Certain questions bring us pain. The question of love is frequently one of them. Have you ever experienced a love that gave you the sense that you were lovable despite everything that is weak and lacking in you? Have you ever been loved unconditionally? Often times these questions make us ache. We look at our lives and see a searing lack of unconditional love. The impression is that nobody loves us in a way that assures us at our deepest levels that we are lovable. Our friendships, our loves, our families, our marriages appear to be anything but matrixes of unconditional love. At least, so it seems. But there is a confusion here. When we think of love, we think of affection. These are not always the same thing.

One kind of love is generally expressed through affection, through positive stroking, physical caressing, emotional affirmation and sexual intimacy. But our experience of these is usually weak, only rarely is there enough physical touch, emotional stroking, expressed affection or satisfying sexual expression in our lives. Because of this, most times we feel unloved and perhaps even unlovable. But these gestures of love are not identical with love. Sometimes in our friendships, marriages, families and communities, there is beneath the lack of physical and emotional stroking, beneath the sexual frustrations, and beneath the harsh and angry words which are frequently exchanged, an unconditional concern and commitment. There is unconditional love. Unfortunately, because the love isn’t expressed in affection, that love remains largely unperceived.

When that happens then we do not feel that we are loved and there are negative consequences for our self-image. One part of us – the physical, emotional, sexual and affective part of us – begins to lose confidence and progressively atrophies.
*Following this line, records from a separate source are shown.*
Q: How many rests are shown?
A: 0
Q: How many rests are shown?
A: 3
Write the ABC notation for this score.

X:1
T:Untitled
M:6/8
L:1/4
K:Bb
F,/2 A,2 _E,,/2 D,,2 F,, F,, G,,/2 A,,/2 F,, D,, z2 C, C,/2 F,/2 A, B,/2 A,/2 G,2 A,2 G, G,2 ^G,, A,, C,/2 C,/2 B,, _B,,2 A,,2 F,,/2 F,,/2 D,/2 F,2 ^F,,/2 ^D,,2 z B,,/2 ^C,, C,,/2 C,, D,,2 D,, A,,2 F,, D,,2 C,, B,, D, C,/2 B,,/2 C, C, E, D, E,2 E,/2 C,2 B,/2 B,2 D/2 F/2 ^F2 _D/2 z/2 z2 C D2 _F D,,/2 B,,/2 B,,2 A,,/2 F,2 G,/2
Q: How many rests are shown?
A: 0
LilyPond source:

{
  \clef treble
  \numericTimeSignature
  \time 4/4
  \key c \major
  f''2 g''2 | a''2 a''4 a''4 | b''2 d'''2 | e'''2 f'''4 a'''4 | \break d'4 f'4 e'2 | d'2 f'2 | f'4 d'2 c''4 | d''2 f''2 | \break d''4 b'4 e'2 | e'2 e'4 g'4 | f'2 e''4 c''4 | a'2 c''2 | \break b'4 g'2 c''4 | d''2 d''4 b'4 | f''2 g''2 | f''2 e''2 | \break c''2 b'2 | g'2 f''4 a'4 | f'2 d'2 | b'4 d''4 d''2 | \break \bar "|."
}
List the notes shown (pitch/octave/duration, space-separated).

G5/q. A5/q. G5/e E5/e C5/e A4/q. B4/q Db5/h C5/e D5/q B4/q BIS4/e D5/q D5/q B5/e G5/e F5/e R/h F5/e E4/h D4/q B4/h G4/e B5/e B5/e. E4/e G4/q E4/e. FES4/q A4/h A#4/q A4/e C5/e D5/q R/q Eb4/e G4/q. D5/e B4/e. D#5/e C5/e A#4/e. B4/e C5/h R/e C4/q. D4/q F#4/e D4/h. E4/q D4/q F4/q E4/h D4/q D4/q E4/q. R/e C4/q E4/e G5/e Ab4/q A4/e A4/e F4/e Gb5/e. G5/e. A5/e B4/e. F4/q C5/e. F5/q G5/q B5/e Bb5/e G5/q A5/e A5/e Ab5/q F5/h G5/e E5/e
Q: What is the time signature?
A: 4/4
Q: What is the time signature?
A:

We begin to feel that nobody loves us and we begin to identify love entirely with what we are lacking, namely, with physical, emotional, sexual and affective stroking. Just recently I dealt with a middle-aged lady who felt like this. She had grown up in a family in which care and stability abounded, but physical affection was never expressed. She had remained single and, save for a few dissatisfying sexual encounters which had been entered into because of depression and desperation, had never expressed physical affection in her life. Now she was convinced that she had never been loved. When she thought of love she filled with pain, aching and bitterness. Yet, when she was able to move beyond the hurt and look at her life objectively, she saw some things which surprised her. She had always been loved, solidly, deeply, unconditionally. She was also very lovable.

Her strict Irish family had never been able to tell her through words, physical touch or emotional stroking that they loved her. But they had in fact loved her despite being affectively inarticulate. Their love had expressed itself in commitment, generosity, concern and fidelity. But these were given too starkly, without affection being expressed, and this experience had remained constant throughout the rest of her life. In her friendships and relationships invariably the same pattern resurfaced. She had indeed been loved through more than 50 years but, at one level of her being, had not known it. But at another level of her being she had known it. While she protested that she had a weak self-image and felt unlovable, she radiated stability and confidence and lovableness at every level of her being, save the physical and sexual one. There she felt insecurity and lacked confidence. Her story is a paradigm for all of us, God’s poor, the little ones who go through life too-starved for affection, convinced that we aren’t loved nor lovable, burdened with a bad self-image. We think we are not loved, but beneath it all we are strongly loved and lovable and possess a tremendous confidence and stability because of it.

Equally as tragic is the reverse: Many persons have a lot of physical, emotional and sexual affection in their lives. Yet, underneath that, they do not feel loved nor lovable.In their case, the self-image inflicts the opposite demon upon them. It lets them operate with considerable social, affective and sexual confidence, but it strips them of confidence and stability in virtually every other area. There are many lessons in all of this, not the least of which is that we need to express affection, we need to touch each other physically and we need to affirm each other more explicitly. We need to express affection more, to stroke each other physically and emotionally into wholeness. But we need also to realize that love is more than this. Even when there isn’t a satisfying affection in our lives, our eyes need not fill with tears every time we contemplate whether or not we are loved.